Originally Posted by
mwilbert
I am not sufficiently familiar with Chicago to comment, but a large proportion of the people in New York and Washington use public transit because driving is much too annoying. And of course Manhattan as we know it could not exist at all without the subways. Washington could have twenty years ago, but I doubt that it could now.
You didn't mention Boston, but ignoring the expense, you have to be a bit of a masochist to drive in the central city. Tens of thousands of people with cars drive to satellite lots and take the trains and buses every weekday not because they can't afford to drive but because they don't want to. Hundreds of thousands more take public transit without using their cars at all, even though most of them have cars too.
Why is it hard to drive in central Boston? Partly because of the street layout, but mostly because there are so many people. To have a walkable environment, you need to have lots of people in a small area. That is very hard to accomplish without transit, because many people without transit requires many cars requires a lot of space for roads and parking. That space limits density and that is at least one reason why people think transit is important in general.

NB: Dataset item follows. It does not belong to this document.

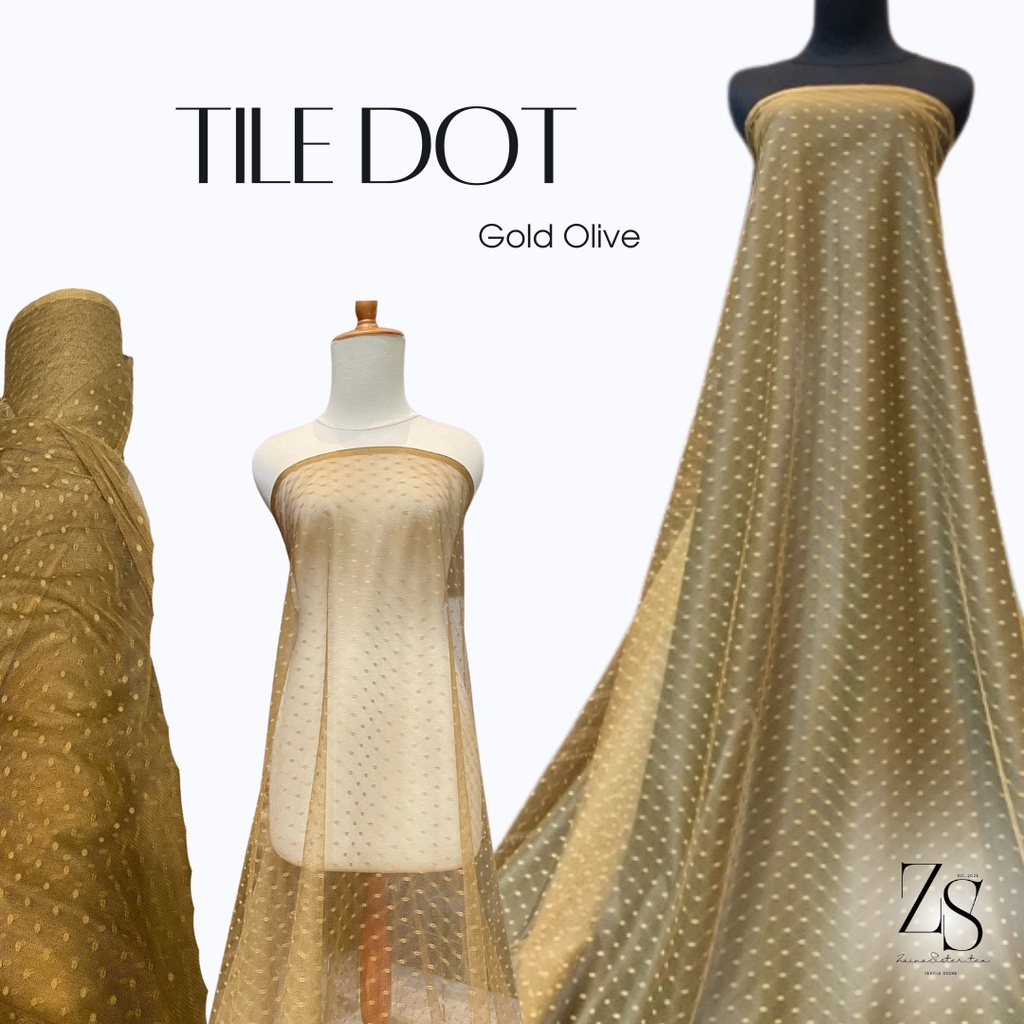 Kain tile polkadot/tile dot/tile bintik Warna Gold Olive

Whether Detroit is yet in a situation where transit would be important is a separate question, given that there is adequate parking and not terrible congestion downtown. I think the idea is that you already have a lot of public transit riders, but the current transit is not very attractive. If you put in something more attractive, you continue to serve your current riders but potentially attract new ones and signal your intentions to upgrade the urban experience in Detroit. We can only hope that someday that there is so much traffic that good public transit is a necessity.